The European Green Deal envisions a CO₂-neutral Europe in 2050. Large-scale green hydrogen production by water electrolysis plays a key role in realizing this goal. There are multiple technology options to split water into hydrogen and oxygen.  Alkaline Water Electrolysis (AWE) and Proton Exchange Membrane (PEM) Electrolysis are the most mature technologies at present. Another promising technology is Solid Oxide Electrolysis Cells (SOEC) technology, for the large-scale green hydrogen production and/ carbon monoxide production from carbon dioxide.

21 juni 2022

Exploring SOEC Technology

To explore the upscaling potential of SOEC for the Dutch process industry, the Institute for Sustainable Process Technology (ISPT), TNO / Voltachem, and industrial partners Air Liquide, bp, and OCI initiated a new project together to explore the upscaling potential of SOEC in the process industry. Through this project, the feasibility of SOEC-technology in the chemical and fuels industry will be evaluated.  
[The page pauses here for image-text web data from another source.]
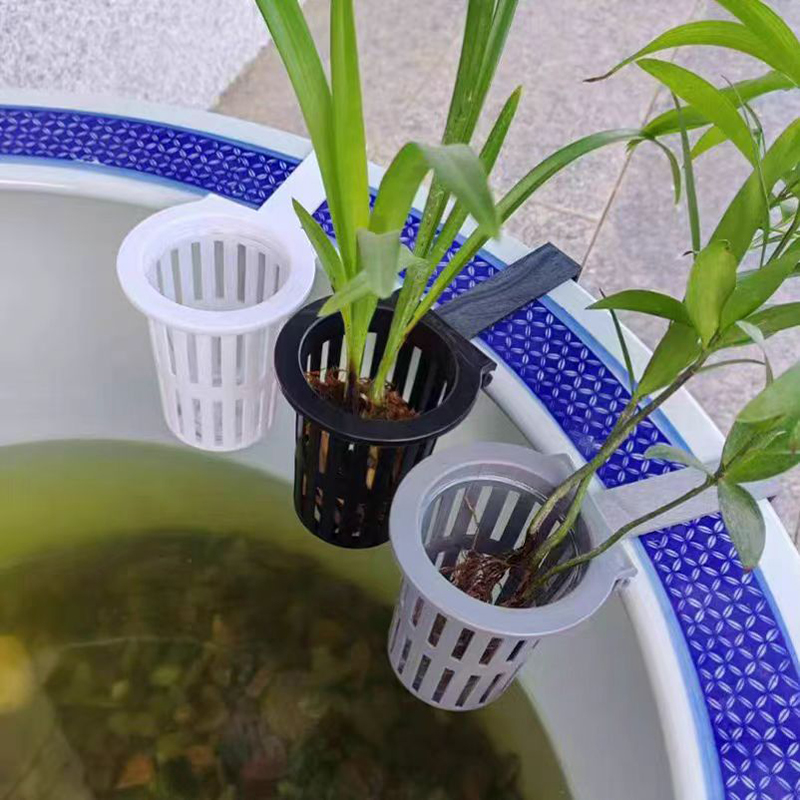 1/3Pcs Aquarium Plant Basket W - Aquarium Planted Wall ulasan dan harga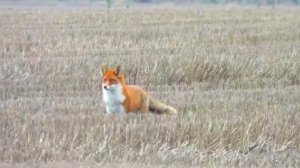 ОХОТА НА ЛИСУ С МАНКОМ !!!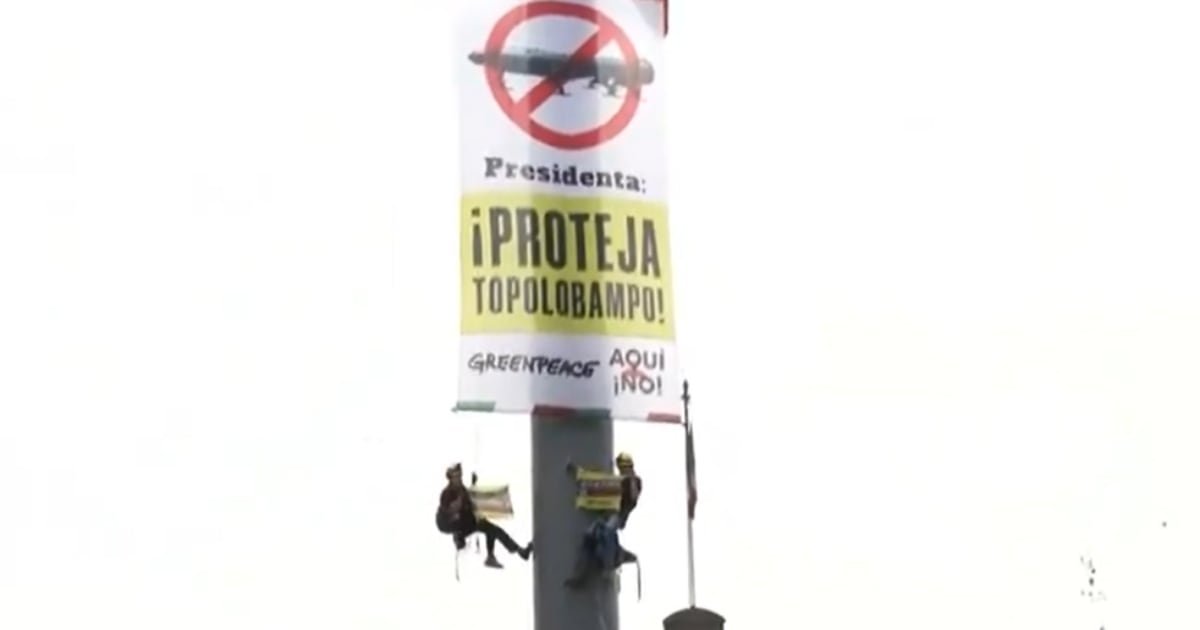Greenpeace escala el asta del zócalo y lanza urgente llamado a la Presidenta: ‘Proteja Topolobampo’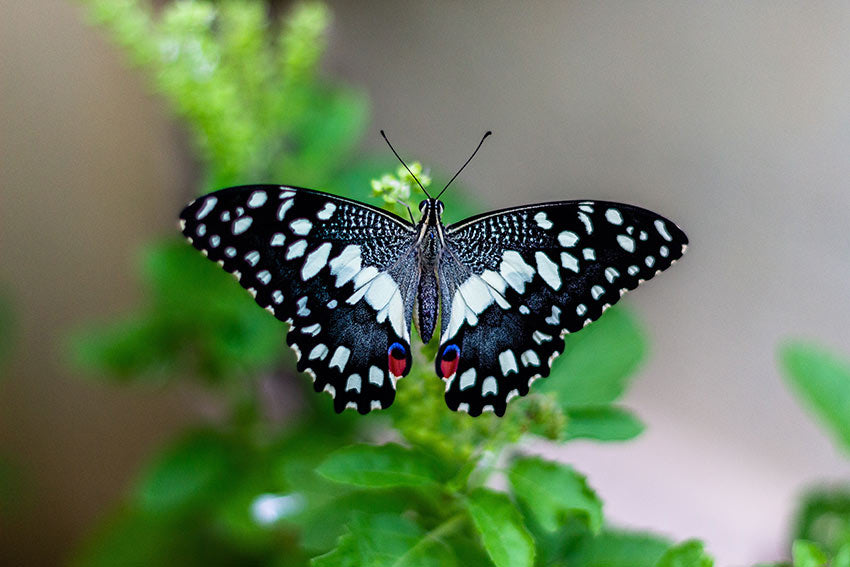 Ein Schmetterling sitzt auf einer Blume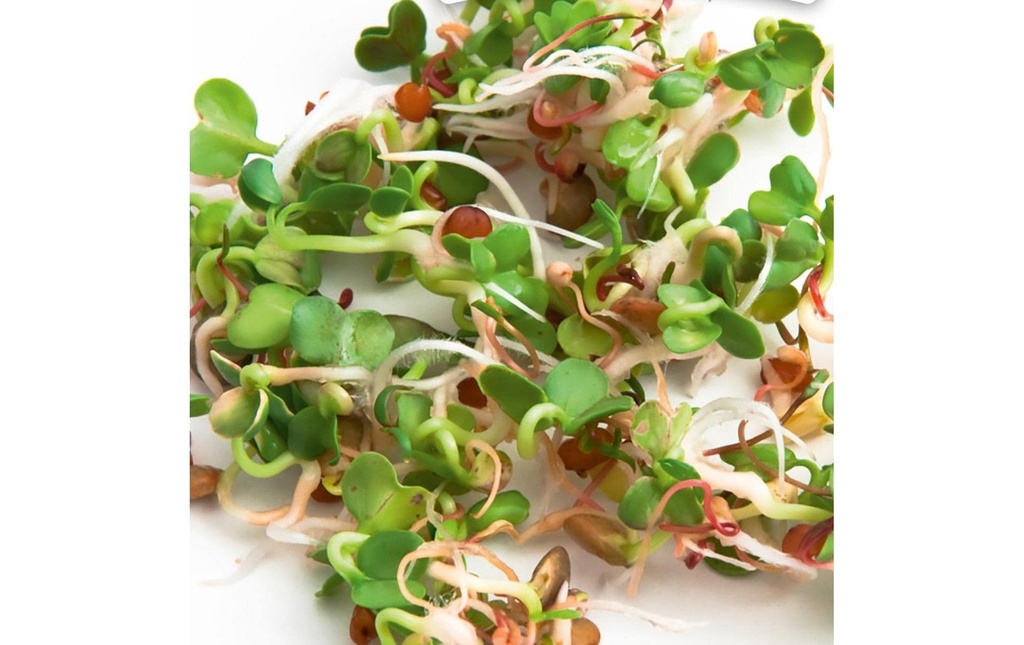Gusta Garden Semence Microgreens Roquette de Ruca HARRY HERBS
The potential of Solide Oxide Elextrolysis

SOEC converts steam and/ or carbon dioxide directly into hydrogen gas, carbon monoxide, and oxygen. In comparison to AWE and PEM, the technology has two main advantages: 

1. It has a higher conversion efficiency due to favorable thermodynamics and kinetics at higher operating temperatures.  
2. SOEC can be integrated with a range of existing down-stream industrial processes. This will result in the generation of synthetic fuels, methanol, ammonia and recycling of captured carbon dioxide. 

 

A solid oxide electrolysis cell (SOEC) is a solid oxide fuel cell that runs in regenerative mode to achieve the electrolysis of water (and/or carbon dioxide) by using a solid oxide, or ceramic, electrolyte to produce hydrogen (and/or carbon monoxide) and oxygen. The technology operates at high-temperature, typically between 500 and 850 degrees Celsius. This SOEC  is very promising, however, further insights are necessary to fulfill the technical and economic viability of integration in existing processes for the fuel and chemical industry.  

The project aim

We want to investigate the upscaling potential of the SOEC technology on an industrial scale. Therefore, we will investigate the viability of integrating the SOEC technology in three different use cases:  

1. Hydrogen production in an ammonia plant,
2. Syngas and green hydrogen integrated with blue hydrogen production and downstream processing to e-fuels,
3. Carbon monoxide production at a gas-producing plant.

 

For each use case the upscaling options of the SOEC technology in the industrial environment, including heat integration and retrofit integration, will be explored. The research focuses on the evaluation of technical and economic aspects. This will result in a roadmap for a SOEC demo plant for integration in a (petro)chemical plant. 

This project is co-funded by the Topsector Energy Studies of the Dutch Ministry of Economic Affairs and Climate Policy.